ハーバードビジネススクール 不幸な人間の製造工場 フィリップ・デルヴス・ブロートン著/岩瀬大輔監訳・吉澤康子訳 ~鋭くえぐり出される問題点、矛盾点

本書は、英国人ジャーナリストの手によるハーバードビジネススクール(HBS)留学体験記だが、ただの体験記ではない。米国型資本主義の象徴的存在であるHBSの抱える問題点や矛盾点を、経験豊富なジャーナリストらしく冷静かつ客観的に、そして時に批判的に、鋭くえぐり出している。読者は、人生における真の成功とは何か、幸せとは何か、について深く考えさせられることだろう。
著者によれば、HBSでは成功=金銭的成功であり、そのため本来、人もうらやむほど多くの選択肢があるはずなのに、常に成功へと駆り立てられた多くのMBAが選ぶ道は、金融やコンサルティング等、非常に限られる。彼らは、多額の報酬と引き換えに多くの犠牲を強いられ、必ずしも幸せとは言えない人たちばかりだ。これも、米国のエリート、そして米国型資本主義の歪んだ価値観の表れだ。
著者はまた、今回の金融危機の元凶である投資銀行やヘッジファンド、プライベートエクイティ、さらには米国型資本主義の中枢機関にも多くの人材を輩出しているHBSは、「世界のリーダーを育てる」というその目的を果たしていないと手厳しい。そもそも真のリーダーシップは教室で簡単に教えられるものではなく、ビジネスの現場で鍛えられるものであり、そこにHBS教育の限界を感じる。
彼はさらに、HBSでは理論や論理力、分析力は教えられても、ビジネスのうえでもっと大切な人の心や感情を理解することまでは教えられないと嘆く。

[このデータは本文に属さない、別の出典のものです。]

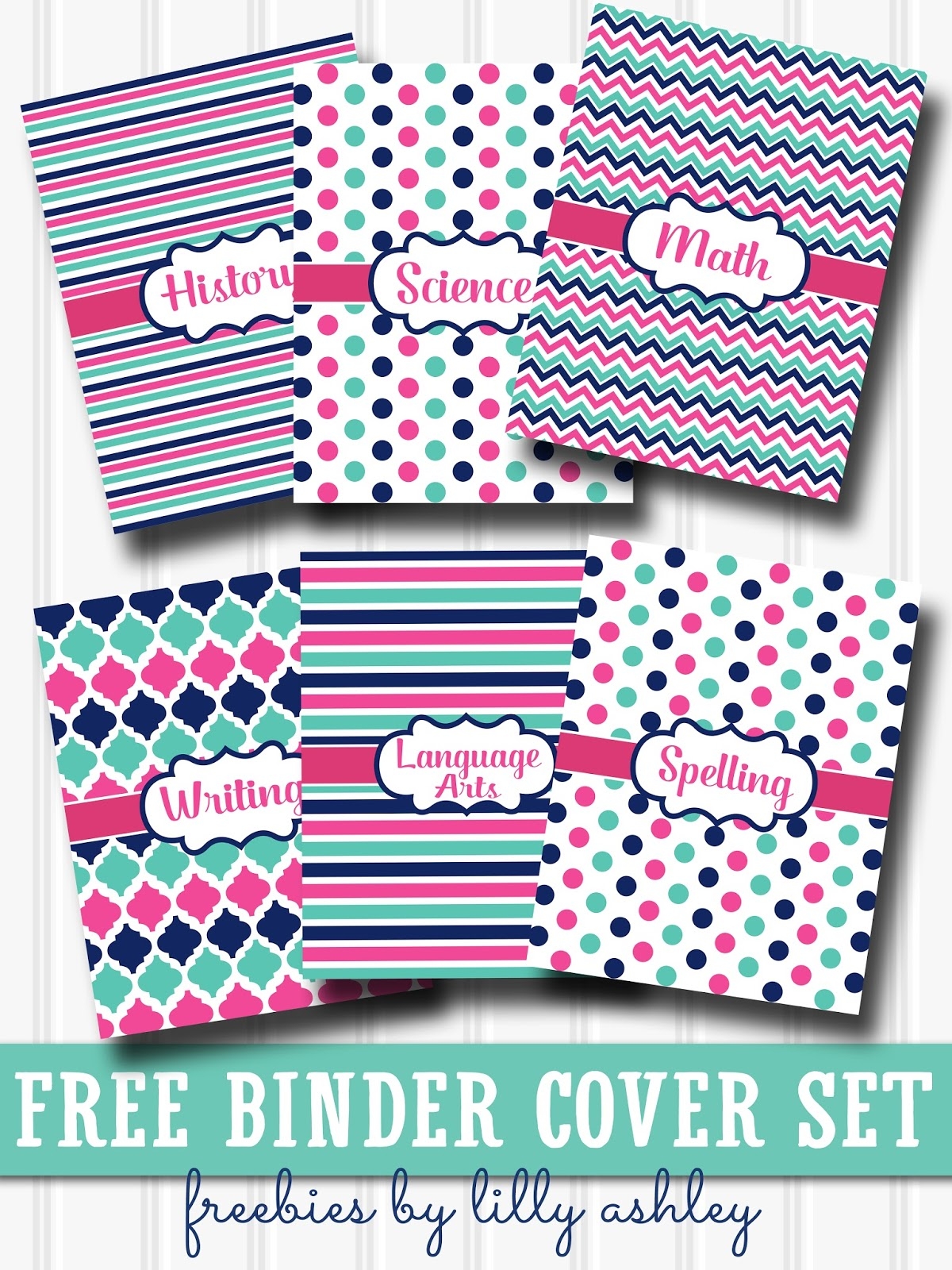 Lilly Ashley Free Binder Cover Printables Worksheets Library Lilly Ashley Free Binder Cover Printables Worksheets Library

日本でもMBAブームが続いている。確かに自己研鑽に励むのは結構なことだ。しかし、HBSだけでなくすべてのビジネススクールがその存在意義を問われている現在、今一度本書を手に取り、本質的な問いかけをしてみたい。
日経BP社 2310円 477ページ
Philip Delves Broughton
フリーのジャーナリスト。フィナンシャル・タイムズなどに寄稿。バングラデシュ生まれの英国育ち。英ニューカレッジを卒業、米ハーバードビジネススクールでMBA取得。デーリー・テレグラフ記者としてニューヨーク、パリ勤務を経験。